(PROVIDED DATA Opens)

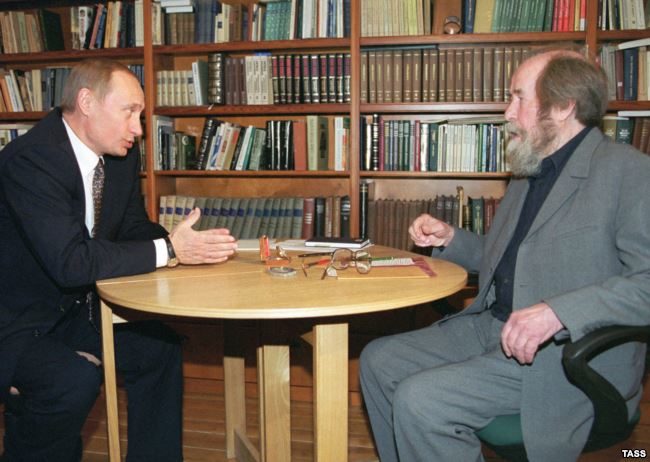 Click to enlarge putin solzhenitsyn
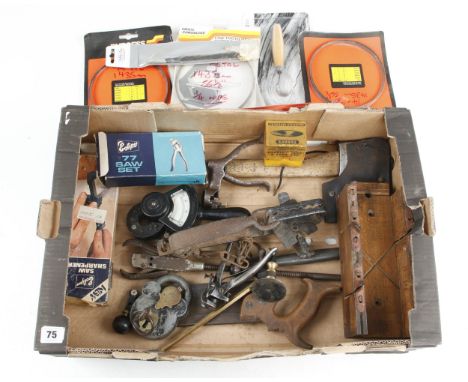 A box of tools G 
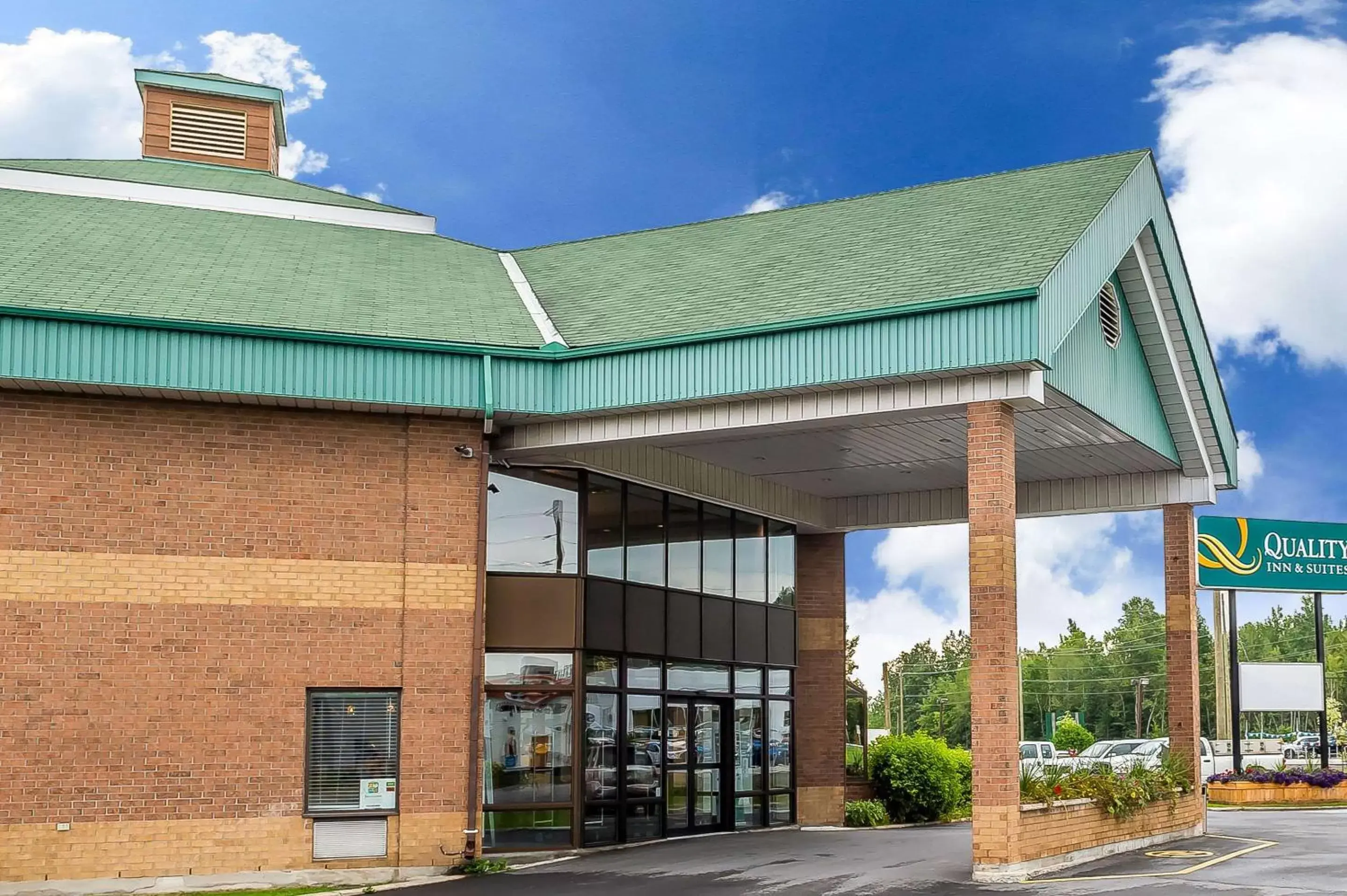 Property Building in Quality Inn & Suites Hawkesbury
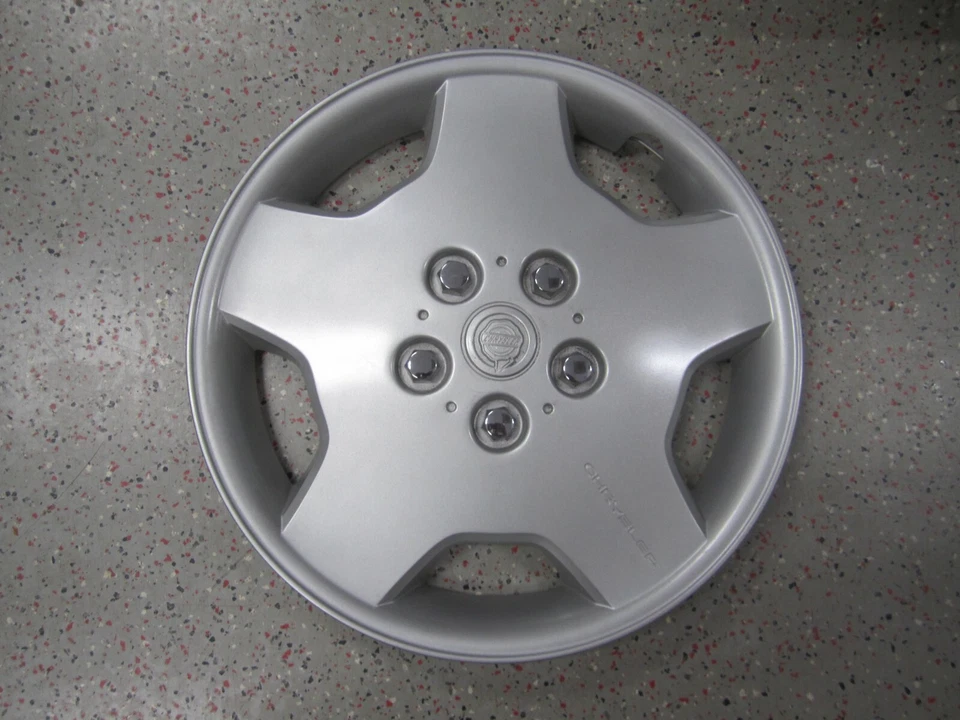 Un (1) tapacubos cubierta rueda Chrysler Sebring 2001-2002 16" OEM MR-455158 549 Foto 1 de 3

(PROVIDED DATA Closes)

TASK DESCRIPTION
Retype the whole listing, keeping every line identical and omitting all pictures.

WRITTEN SOLUTION
 Click to enlarge putin solzhenitsyn
 A box of tools G 
 Property Building in Quality Inn & Suites Hawkesbury
 Un (1) tapacubos cubierta rueda Chrysler Sebring 2001-2002 16" OEM MR-455158 549 Foto 1 de 3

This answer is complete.